## Records for this exercise
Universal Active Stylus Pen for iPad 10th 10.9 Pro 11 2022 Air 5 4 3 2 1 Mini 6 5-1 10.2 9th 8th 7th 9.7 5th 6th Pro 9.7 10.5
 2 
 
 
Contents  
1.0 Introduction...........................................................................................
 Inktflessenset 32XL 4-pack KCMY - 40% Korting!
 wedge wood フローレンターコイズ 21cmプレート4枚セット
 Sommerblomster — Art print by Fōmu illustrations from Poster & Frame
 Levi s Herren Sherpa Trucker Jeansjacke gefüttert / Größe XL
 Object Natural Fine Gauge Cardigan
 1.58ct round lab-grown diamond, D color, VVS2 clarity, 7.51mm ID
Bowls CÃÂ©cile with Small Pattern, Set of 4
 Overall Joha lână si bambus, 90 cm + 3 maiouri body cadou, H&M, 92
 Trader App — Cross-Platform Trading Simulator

## What is expected
Transcribe the data above completely and exactly.

## Answer for the task
Universal Active Stylus Pen for iPad 10th 10.9 Pro 11 2022 Air 5 4 3 2 1 Mini 6 5-1 10.2 9th 8th 7th 9.7 5th 6th Pro 9.7 10.5
 2 
 
 
Contents  
1.0 Introduction...........................................................................................
 Inktflessenset 32XL 4-pack KCMY - 40% Korting!
 wedge wood フローレンターコイズ 21cmプレート4枚セット
 Sommerblomster — Art print by Fōmu illustrations from Poster & Frame
 Levi s Herren Sherpa Trucker Jeansjacke gefüttert / Größe XL
 Object Natural Fine Gauge Cardigan
 1.58ct round lab-grown diamond, D color, VVS2 clarity, 7.51mm ID
Bowls CÃÂ©cile with Small Pattern, Set of 4
 Overall Joha lână si bambus, 90 cm + 3 maiouri body cadou, H&M, 92
 Trader App — Cross-Platform Trading Simulator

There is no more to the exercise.